Computer error?  Hardly.  As with the Air France disaster, this is human error.  The friend who alerted me to this story knows about these things. Her comment:

Once, long ago … I was sitting in a meeting trying to develop what are called “functional requirements” for a state licensing and enforcement system. The state folks would come up with all these ideas, and I kept saying, “Well what if [such and such] happens?” Finally, one young woman looked at me and said, “Why do you keep finding things that could go wrong?” Answer: “It’s my job.” Guess someone skipped that part of data management.

I took a safety engineering course once.

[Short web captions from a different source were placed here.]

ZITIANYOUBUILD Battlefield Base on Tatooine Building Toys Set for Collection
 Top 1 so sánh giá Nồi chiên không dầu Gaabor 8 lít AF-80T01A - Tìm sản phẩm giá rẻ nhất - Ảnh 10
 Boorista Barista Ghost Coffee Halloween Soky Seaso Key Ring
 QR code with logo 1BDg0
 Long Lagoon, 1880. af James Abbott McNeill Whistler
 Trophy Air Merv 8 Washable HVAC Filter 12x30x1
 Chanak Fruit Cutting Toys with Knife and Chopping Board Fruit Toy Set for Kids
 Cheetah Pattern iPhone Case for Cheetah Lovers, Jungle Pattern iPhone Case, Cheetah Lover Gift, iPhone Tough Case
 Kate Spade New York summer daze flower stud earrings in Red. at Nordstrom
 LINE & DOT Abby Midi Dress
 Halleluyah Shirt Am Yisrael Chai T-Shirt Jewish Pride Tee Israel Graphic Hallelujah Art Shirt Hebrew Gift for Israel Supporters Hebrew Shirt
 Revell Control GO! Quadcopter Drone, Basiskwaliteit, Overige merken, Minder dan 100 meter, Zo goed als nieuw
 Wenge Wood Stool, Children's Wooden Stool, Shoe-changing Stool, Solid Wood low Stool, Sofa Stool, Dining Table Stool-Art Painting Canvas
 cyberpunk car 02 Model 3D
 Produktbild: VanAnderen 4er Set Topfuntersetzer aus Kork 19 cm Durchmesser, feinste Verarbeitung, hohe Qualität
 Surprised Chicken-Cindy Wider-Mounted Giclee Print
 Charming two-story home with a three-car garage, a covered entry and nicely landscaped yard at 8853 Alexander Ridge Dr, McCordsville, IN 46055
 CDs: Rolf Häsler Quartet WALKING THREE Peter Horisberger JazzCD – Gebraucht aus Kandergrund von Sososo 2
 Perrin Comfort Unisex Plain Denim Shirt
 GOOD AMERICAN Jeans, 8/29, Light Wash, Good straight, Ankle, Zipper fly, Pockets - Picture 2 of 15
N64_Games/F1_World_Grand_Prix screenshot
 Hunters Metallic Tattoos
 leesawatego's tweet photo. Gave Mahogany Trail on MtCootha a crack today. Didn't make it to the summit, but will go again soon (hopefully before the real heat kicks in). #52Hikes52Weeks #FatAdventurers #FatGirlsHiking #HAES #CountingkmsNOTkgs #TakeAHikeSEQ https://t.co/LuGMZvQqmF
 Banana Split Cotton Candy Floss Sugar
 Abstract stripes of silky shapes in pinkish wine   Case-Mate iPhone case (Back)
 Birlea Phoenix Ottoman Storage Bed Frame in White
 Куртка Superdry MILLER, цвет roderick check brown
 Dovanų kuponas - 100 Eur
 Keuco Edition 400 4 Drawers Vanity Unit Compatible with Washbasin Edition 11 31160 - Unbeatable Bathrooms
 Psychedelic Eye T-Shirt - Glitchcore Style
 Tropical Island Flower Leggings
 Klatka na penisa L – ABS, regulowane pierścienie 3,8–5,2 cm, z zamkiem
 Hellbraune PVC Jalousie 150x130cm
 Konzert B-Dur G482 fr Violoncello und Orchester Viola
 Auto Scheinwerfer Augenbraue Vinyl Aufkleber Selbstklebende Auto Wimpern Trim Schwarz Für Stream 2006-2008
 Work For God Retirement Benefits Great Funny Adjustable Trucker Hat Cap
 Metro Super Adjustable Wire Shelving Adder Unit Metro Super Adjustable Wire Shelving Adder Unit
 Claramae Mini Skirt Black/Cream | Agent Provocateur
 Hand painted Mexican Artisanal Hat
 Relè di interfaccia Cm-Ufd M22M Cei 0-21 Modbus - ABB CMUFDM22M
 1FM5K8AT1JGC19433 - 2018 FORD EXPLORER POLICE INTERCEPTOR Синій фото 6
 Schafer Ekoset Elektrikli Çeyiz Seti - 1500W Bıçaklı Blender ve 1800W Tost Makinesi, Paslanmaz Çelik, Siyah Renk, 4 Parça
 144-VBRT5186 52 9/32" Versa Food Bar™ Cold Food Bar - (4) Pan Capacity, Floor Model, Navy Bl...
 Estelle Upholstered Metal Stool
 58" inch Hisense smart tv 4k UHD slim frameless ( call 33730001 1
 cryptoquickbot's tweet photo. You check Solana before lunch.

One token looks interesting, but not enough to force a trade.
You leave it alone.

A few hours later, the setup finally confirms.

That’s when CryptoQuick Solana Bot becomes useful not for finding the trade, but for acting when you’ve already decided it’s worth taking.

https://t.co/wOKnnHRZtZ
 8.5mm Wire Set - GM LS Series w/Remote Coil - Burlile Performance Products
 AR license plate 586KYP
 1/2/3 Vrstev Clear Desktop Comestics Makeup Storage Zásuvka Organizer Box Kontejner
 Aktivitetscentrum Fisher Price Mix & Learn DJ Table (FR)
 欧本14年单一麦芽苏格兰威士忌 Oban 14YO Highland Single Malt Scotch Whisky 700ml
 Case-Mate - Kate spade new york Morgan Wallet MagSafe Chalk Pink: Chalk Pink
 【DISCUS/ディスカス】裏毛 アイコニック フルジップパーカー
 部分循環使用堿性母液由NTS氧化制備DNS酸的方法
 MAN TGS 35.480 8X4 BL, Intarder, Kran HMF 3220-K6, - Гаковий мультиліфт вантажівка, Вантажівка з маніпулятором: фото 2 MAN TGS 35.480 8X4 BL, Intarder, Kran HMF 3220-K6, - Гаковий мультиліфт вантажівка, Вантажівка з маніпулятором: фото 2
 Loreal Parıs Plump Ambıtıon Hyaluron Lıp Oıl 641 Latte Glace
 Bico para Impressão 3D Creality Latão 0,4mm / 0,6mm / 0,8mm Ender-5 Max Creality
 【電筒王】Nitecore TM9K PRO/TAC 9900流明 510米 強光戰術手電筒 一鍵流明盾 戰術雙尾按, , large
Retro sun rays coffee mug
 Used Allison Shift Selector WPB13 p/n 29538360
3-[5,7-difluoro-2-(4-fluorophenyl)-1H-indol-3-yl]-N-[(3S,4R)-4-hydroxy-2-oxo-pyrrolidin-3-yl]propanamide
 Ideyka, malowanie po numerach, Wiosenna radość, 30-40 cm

In terms of aircraft design, safety engineering is the science of predicting all the things that could go wrong, the consequences, and the likelihood and frequency of occurrence. Thus: if the left wing separates, the results will be catastrophic, but it’ll never happen if the operator conducts periodic inspections and preventive maintenance.

The engineers graph it out, and if they discover catastrophic or serious failure modes that are likely to occur often, they go back to the drawing board to design those failures out.

Surely if you’re designing computer programs for the government, and the consequences of glitches or oversights in your program would result in danger to the public, you’d use a safety engineering approach in your programming.  But how can you predict external factors?

What if the airline quits doing preventative maintenance and inspections on your wing?  What if state judges and courts expunge a felon’s previous criminal record, preventing your program from flagging him as a high-risk violent criminal who shouldn’t be released?  What if uninformed voters elect government-hating sociopaths to the governorship and state legislature, and they dismantle all your safety programs in order to give tax breaks to the wealthy?

These days we have to consider all possibilities, no matter how crazy they sound.